И уже за спиной Джамбулата посмотрел на улицу: не наблюдает ли кто за ними. Глухонемая жена фельдшера, видимо, осталась с больной сестрой, и Сосланбек сам готовил себе ужин.
– Перекусишь со мной?
– Спасибо, Сосланбек. Мне не до того…
И рассказал обо всем, что произошло.
– Я этих ментов знаю лучше, чем ты, – сказал, недолго подумав, фельдшер. – Злые скотины, а не люди… Чести у них нет. И потому я советовал бы тебе уехать. Я найду тебе машину…
– Здесь есть машины?
– Сейчас уже есть. Бексолтан, младший сын старого хромого Даккаша, пригнал откуда-то. Уже месяц ездит.
– Хромой Даккаш… Я, кажется, помню его. На него можно положиться…
– Можно. И на сына положиться можно. Парень полтора года назад освободился. Ментов и «вертухаев» на дух не переносит… Два с половиной года на «общаке» отсидел. За характер… Какого-то начальника на место поставил. Потом где-то в России болтался. Вернулся с машиной. Дорогая… Не ездит – летает. Я Даккаша попрошу, тебе даже платить не придется. А чтобы ментам насолить, Бексолтан и среди ночи встанет и повезет…
– Это хорошо. Но лучше было бы, чтобы «солить» было некому… Понимаешь, о чем я говорю? Вот почему мне нужен надежный парень.

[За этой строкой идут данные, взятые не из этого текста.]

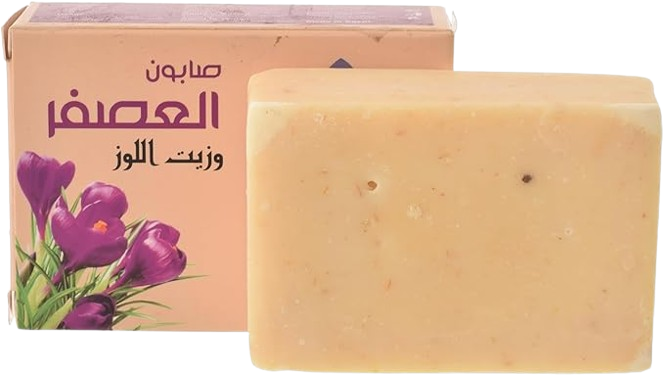 Nour almond and safflower oil soap 100 grams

– Понимаю. И не могу возразить… Пойдем в схорон?
– Пойдем.
– Я фонарик возьму…
– Заметить могут.
– Не заметят. Я светить буду осторожно…
Сосланбек снял с плиты сковороду, на которой шипело разогретое подсолнечное масло, так и не успев приготовить себе ужин до конца, и сразу двинулся к двери. И даже свет на кухне выключать не стал. С полки в коридоре взял небольшой фонарик. И сразу с крыльца свернул не в сторону улицы, а за угол дома в свой огород. Джамбулат следовал на ним, чуть не наступая в темноте на пятки, но не торопил, зная манеру фельдшера смотреть себе под ноги. Но по пути Сосланбек фонарик не включал. Он включил его только внизу, в дальнем углу своего огорода, и то на короткое мгновение, чтобы осветить место.